In the shadow of the Interstate 205 bridge, between major roadways and within clear earshot of passing trains, the nonprofit Columbia Springs environmental education center provides lessons to young and old on an 82-acre urban green space.
“We like to say we’re providing environmental education opportunities to people from the cradle to the grave,” said Gala Miller, executive director at Columbia Springs.
Miller and the rest of the staff hope to continue their educational services by raising $50,000 at a fundraising event scheduled for Thursday at the Columbia Springs campus.
The event, dubbed “Hooked,” is back for the second year as a “carnival for grown-ups” after the 2009 event attracted 175 people and raised $34,000.
This year the staff hopes to raise important unrestricted money that can be used for on-site education programs and overhead costs. With most of their funds coming from grants and partnerships that include restrictions on how money can be used, the dollars from “Hooked” will cover practical costs associated with the center.
“The unrestricted funds allow us to build on our programs and support our infrastructure,” Miller said. “Those dollars are harder to come by and a fundraiser like this finds those dollars.”
Columbia Springs has education opportunities for just about everyone, but especially for area fifth-graders.
“We bring students out here and touch upon some of the same objectives and concepts and themes they learn in the classroom, but in a more real-life and hands-on environment,” Miller said.
Every fifth-grader in the Evergreen and Vancouver school districts makes a day trip to Columbia Springs sometime during the school year. The students rotate through different stations, experiencing a stream table, wetlands and a nature hike.
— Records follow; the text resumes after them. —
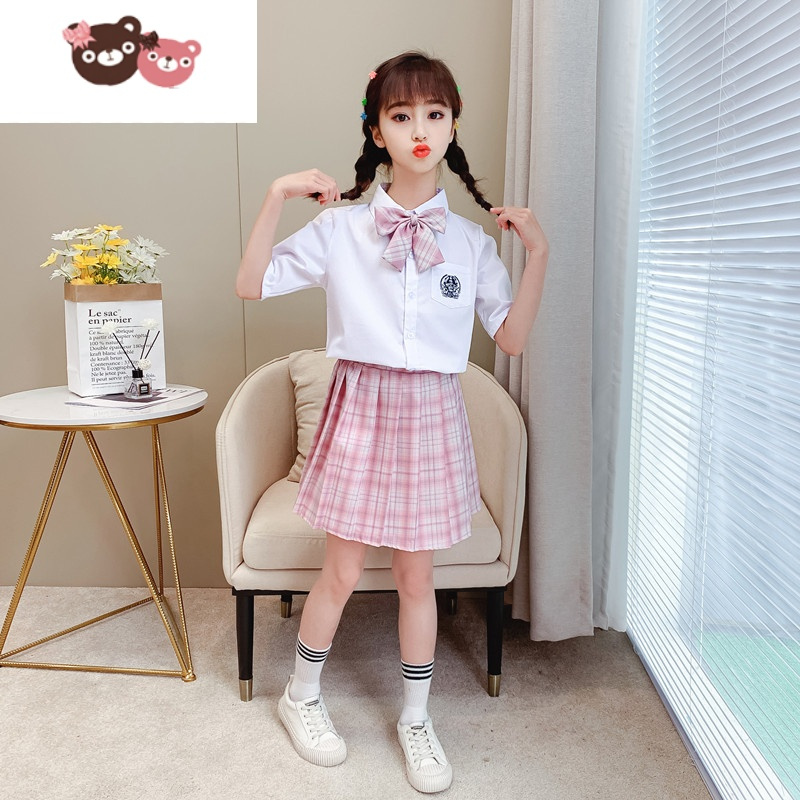 绿彩虹光夏季儿童jk裙制服女童半身裙夏套装短裙夏装裙子格裙小学生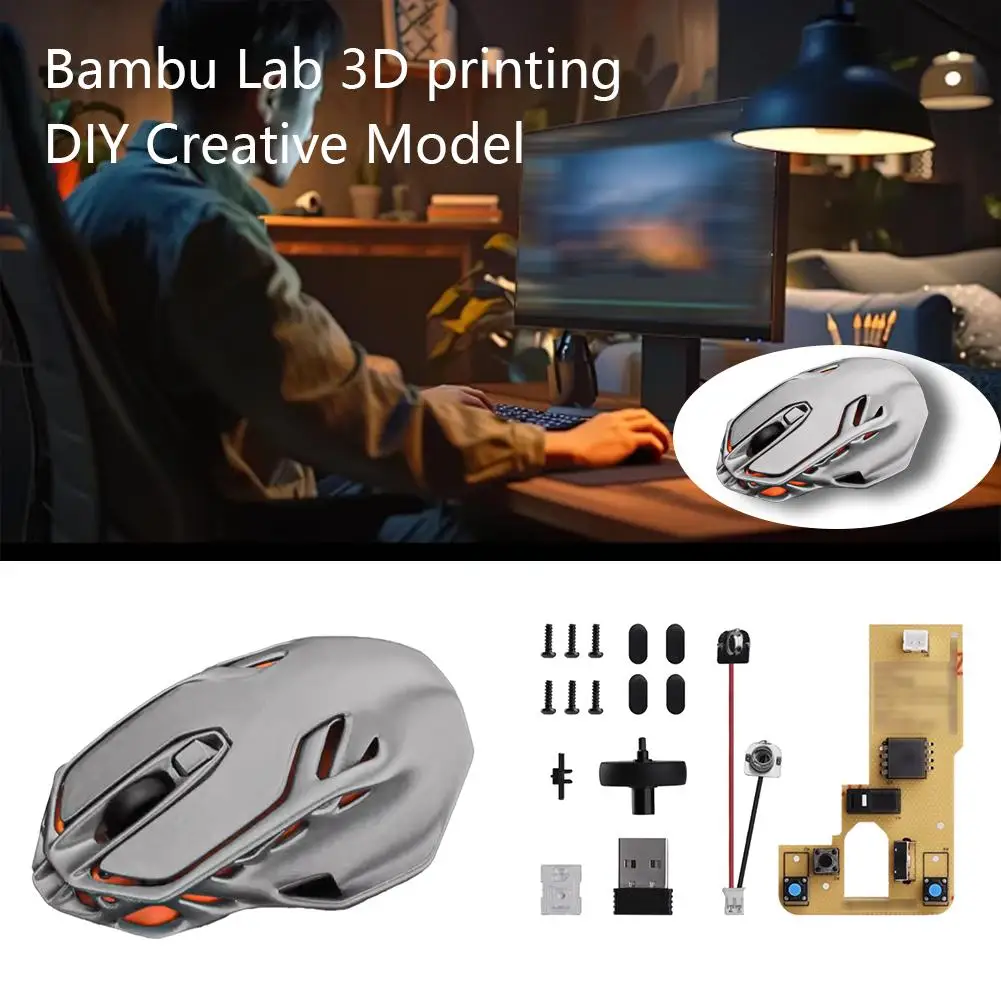 Беспроводная мышь с 3D-принтом креативная модель 2 4 ГГц USB-приемник кнопка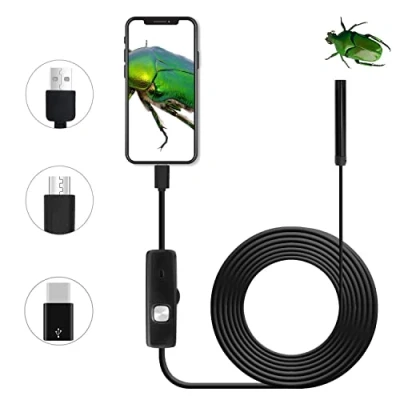 Bild av QiCheng &amp; LYS inspektionskamera endoskop, USB endoskop 5,5 mm för Android mobiltelefon surfplatta PC stationär dator, vattentät HD borskop (5m)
The experience at Columbia Springs is closely tied to fifth-grade science curriculum in both districts.
“What they do really enhances the instruction from the classroom,” said Tom Archer, the science and health manager for Evergreen Public Schools, where students study science units based on environments, flooding and erosion.
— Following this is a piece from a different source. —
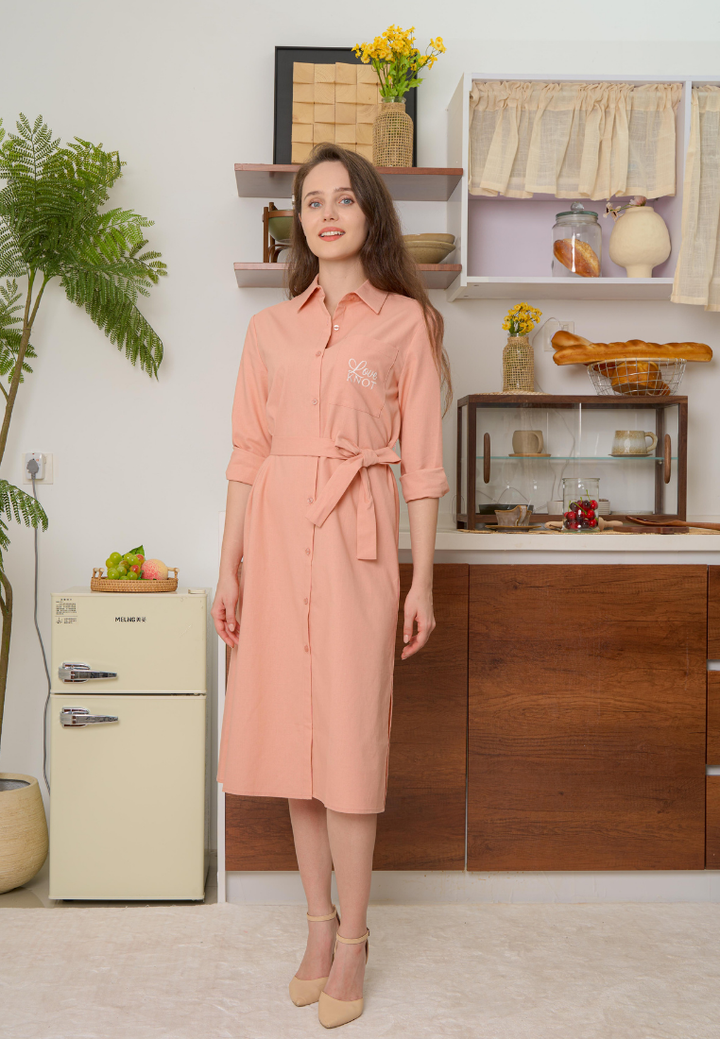 Aroha Long Sleeve Cotton Linen Button Down Dress (Pink)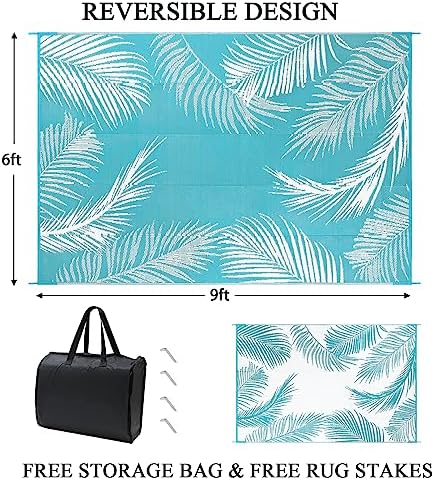 Pauwer Waterproof Outdoor Rug 6x9, Plastic Straw Patio Mat, Leaf Teal - Image 2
The experience at Columbia Springs is important for Vancouver district fifth-graders to extend their learning during their Eco System Science Kits, echoed Allison Brands, the resource coordinator for secondary mathematics and science for Vancouver Public Schools. Brands said the opportunity at Columbia Springs is something some students might not otherwise have.
“Some of the kids really blossom out here when they get to be hands-on,” said Marci Caputo, development director at Columbia Springs. “Teachers even comment that their personalities change because they’re out here and get to touch and feel.”
In the past, Columbia Springs has not charged visiting schools for coming to the center, but last fall it started asking schools to supplement the cost of putting on the field programs by charging $5 per student.
“I wondered if they were going to flinch (at the cost) given their budgets, but they value this program enough to find it in their budget,” Miller said.
To keep the students learning in their giant outdoor classroom, Columbia Springs staff members have planned a fun night with a serious goal.
“It’s just a unique event,” Caputo said. “You don’t just sit down at a table; it’s more mingling and fun.”
“Hooked” will feature local musical acts, food vendors, drinks and games, including a special dunk tank that will put prominent Vancouver figures on a precarious perch, including Mayor Tim Leavitt.
The event will showcase areas of the outdoor education center, including a wet-bar housed in a former hatchery pool and the green space that is the focus of the center.
“When you go in here a little ways, you begin to see the value of an urban greenspace,” Miller said. “It does provide a respite for people to just be at peace with the world around them and feel like they got away a little bit.”
Columbia Springs is in the process of developing a strategic plan and hopes to do more with the historic significance of the site.
“Across the street from us was the site of the first sawmill in the Pacific Northwest and this whole Evergreen Highway area has a rich history,” Miller said.
Columbia Springs also has a building that is designed, engineered and permitted, but they need $14 million to have it built. The building would further the educational opportunities at the center by creating a program similar to the Clark County Skills Center’s.
“Our timing as we got our plans and permits on line wasn’t great because of what’s going on at the state level,” Miller said. “It’s a hard time to convince people that this is a priority right now.”
In the short term, Columbia Springs hopes to offer sustainability classes and to explore opportunities to expand trails and make the site more accessible and interesting to the public.
“People don’t have to go all the way to the (Columbia River) Gorge if they don’t have time,” Caputo said. “Ten minutes from their home is this space that belongs to the public.”